Ok, I know I'm not too active here anymore, but I decided that after 2.5 years of mowing, it was time to get some new blades. Once you get 70hours on a set of blades it is probably time to get a new set. I went to my Simplicity dealer and lo and behold: $97!!!!!!!!

HOLY CRAP!

I spent two weeks trying to find a generic blade that would fit with the same bolt pattern and yada yada yada. I could find Oregon blades that said they would fit, but the center hole was a different size(had 3/4", needed 1"). I ended up biting the bullet and buying from Simplicity. I got the blades and they had a adapter so that the 3/4" ones would fit. I then bashed myself in the head a few times, put them on, and mowed the lawn once. It hasn't rained in almost a month.
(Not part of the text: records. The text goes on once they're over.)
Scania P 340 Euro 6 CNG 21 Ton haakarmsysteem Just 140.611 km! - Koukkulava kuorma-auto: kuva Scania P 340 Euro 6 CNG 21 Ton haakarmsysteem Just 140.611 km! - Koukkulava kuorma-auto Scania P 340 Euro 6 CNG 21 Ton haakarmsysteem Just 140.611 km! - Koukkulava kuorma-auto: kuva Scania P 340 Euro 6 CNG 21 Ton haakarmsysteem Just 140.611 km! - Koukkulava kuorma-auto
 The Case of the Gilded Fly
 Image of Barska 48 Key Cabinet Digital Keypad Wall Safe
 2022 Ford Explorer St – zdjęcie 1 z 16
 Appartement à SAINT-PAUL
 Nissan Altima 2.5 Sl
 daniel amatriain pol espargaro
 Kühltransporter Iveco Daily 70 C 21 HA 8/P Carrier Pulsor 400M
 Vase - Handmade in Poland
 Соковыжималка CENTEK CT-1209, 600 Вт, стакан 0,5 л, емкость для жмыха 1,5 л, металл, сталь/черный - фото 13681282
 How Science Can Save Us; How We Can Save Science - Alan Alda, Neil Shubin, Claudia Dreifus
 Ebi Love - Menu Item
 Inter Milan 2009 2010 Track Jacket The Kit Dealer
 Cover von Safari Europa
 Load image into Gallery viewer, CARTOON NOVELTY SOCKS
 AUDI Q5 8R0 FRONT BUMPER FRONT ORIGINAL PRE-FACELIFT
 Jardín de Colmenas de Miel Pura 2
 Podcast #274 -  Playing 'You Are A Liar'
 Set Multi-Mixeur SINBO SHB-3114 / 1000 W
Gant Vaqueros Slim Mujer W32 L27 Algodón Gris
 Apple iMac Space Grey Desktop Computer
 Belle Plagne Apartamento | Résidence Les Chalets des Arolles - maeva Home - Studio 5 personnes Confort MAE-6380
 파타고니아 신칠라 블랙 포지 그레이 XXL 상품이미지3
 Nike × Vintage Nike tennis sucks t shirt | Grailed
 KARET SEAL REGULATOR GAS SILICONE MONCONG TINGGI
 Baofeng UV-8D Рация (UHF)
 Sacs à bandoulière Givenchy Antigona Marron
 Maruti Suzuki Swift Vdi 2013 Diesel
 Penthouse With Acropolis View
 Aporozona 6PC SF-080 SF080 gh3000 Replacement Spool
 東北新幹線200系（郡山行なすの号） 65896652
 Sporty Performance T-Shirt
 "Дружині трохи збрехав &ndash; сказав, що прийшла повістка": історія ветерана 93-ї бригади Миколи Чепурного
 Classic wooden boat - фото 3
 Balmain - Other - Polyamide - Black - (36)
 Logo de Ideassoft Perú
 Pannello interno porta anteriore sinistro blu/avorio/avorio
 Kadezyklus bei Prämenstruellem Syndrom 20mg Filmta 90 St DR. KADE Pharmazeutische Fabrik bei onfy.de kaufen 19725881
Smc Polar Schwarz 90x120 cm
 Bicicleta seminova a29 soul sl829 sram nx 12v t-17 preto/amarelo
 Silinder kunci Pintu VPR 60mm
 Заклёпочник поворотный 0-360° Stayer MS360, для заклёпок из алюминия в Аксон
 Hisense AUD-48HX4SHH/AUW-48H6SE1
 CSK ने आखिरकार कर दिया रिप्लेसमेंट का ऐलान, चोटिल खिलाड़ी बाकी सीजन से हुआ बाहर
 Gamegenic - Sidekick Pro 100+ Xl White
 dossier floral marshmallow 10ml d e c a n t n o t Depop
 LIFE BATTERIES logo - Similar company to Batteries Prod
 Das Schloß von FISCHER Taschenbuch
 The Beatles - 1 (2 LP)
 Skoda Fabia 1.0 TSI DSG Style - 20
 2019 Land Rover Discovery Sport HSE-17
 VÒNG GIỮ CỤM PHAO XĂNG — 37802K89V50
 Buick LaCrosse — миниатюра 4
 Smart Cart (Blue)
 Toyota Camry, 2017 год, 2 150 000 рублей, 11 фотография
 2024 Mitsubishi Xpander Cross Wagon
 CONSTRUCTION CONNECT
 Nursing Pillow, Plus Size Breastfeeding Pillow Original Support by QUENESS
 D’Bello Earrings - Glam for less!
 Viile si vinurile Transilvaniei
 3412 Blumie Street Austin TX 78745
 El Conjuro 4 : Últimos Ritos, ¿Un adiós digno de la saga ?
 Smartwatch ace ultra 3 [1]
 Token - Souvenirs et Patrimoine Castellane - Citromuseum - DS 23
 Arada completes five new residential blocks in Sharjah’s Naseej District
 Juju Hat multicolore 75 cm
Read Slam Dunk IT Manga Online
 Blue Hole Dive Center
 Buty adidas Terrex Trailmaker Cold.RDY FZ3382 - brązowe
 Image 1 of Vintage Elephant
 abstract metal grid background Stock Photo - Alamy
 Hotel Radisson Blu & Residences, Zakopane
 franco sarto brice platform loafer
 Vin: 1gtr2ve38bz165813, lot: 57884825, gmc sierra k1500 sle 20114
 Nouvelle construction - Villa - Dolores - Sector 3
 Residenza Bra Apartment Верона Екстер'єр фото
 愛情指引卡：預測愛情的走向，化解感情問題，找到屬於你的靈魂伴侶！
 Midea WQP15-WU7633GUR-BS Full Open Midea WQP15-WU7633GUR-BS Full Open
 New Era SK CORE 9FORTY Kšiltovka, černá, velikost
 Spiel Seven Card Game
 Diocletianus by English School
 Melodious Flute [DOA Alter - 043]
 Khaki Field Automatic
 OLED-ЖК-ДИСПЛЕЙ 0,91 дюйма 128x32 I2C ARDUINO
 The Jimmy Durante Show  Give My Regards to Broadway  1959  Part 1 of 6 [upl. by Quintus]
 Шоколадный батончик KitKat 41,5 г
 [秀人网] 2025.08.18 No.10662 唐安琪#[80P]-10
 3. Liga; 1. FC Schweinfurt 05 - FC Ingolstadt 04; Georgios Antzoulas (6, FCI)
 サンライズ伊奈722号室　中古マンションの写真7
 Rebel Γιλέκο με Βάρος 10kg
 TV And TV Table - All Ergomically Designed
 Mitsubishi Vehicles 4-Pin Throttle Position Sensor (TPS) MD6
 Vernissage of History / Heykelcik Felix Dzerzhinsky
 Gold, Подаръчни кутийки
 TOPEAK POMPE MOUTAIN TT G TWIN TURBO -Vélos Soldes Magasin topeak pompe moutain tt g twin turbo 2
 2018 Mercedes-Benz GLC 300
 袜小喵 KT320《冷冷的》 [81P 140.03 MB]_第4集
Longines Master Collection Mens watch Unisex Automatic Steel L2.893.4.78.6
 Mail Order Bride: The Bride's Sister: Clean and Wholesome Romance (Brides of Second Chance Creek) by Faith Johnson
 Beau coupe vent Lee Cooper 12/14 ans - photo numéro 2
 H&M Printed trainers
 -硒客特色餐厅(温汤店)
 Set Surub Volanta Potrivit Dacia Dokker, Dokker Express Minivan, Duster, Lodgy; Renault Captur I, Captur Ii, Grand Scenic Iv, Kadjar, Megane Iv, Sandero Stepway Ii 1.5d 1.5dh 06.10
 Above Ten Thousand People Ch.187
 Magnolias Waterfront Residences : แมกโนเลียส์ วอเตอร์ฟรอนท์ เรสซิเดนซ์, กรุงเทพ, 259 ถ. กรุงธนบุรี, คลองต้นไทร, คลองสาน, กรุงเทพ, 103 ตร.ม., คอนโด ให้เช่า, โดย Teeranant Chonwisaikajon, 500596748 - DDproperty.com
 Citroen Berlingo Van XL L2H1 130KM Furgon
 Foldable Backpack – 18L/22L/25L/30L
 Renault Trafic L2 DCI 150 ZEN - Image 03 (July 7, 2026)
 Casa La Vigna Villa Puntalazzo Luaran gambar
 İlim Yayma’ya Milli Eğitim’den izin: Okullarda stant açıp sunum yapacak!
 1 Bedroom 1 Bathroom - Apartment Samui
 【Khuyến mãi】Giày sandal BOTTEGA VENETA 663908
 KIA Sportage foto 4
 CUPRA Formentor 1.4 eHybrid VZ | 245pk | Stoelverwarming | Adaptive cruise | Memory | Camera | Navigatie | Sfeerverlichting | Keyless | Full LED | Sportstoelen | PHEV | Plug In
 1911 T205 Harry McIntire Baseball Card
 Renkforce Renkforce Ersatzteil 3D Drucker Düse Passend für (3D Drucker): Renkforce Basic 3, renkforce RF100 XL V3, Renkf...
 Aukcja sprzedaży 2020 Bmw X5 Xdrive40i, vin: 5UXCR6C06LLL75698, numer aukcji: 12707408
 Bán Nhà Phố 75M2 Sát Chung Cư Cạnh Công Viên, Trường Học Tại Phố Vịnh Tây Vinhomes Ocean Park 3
Ok, Rant over. Hey Hydrogaurdian, you still work at the Simple dealer?? How come the blades are so unreasonable and why did they change the size of the holes?


----------



## MFreund (May 2, 2008)

I had the same stocker shock for my 72" Deere deck. I got lucky and bought Oregon Gator blades from a Deere dealer on eBay.


----------



## Live Oak (Dec 22, 2003)

Agri-Supply has some great prices on blades. Have you tried checking with them. I keep 3 or 4 sets of blades so I can resharpen them with a hand file and have them ready when I need them. 

Unless the blades get seriously damaged you can continue to use them for serveral 100 hours if you keep them sharp and balanced. 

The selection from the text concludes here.